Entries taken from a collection
• • • • • • •

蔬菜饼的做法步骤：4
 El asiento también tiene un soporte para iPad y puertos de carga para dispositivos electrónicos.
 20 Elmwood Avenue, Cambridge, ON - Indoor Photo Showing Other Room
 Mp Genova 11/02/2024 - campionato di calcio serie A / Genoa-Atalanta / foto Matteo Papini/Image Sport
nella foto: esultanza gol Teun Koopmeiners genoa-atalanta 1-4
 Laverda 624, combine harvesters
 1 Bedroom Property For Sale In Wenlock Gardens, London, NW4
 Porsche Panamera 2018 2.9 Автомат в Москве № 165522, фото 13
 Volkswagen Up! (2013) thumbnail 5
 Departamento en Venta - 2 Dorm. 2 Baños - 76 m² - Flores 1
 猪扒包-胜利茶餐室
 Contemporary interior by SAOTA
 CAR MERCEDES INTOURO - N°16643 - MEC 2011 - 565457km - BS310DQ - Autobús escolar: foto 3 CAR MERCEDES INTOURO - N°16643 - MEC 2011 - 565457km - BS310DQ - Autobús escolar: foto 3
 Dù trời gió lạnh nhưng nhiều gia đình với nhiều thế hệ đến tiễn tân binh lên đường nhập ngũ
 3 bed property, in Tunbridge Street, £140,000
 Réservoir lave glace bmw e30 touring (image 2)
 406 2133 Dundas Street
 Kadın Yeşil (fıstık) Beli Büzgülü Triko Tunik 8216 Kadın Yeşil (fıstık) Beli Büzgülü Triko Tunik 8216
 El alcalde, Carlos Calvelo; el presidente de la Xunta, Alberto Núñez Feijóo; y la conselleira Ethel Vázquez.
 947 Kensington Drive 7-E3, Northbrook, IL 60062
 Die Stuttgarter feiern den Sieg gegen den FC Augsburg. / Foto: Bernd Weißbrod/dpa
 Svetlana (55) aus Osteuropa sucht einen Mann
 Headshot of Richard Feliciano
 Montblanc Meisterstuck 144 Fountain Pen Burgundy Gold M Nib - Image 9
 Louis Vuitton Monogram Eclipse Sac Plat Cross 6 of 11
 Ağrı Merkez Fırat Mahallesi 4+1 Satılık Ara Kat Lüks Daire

• • • • • • •

**EXERCISE**
Return every line above where "Street" appears.

**SOLUTION TO THE EXERCISE**
 3 bed property, in Tunbridge Street, £140,000
 406 2133 Dundas Street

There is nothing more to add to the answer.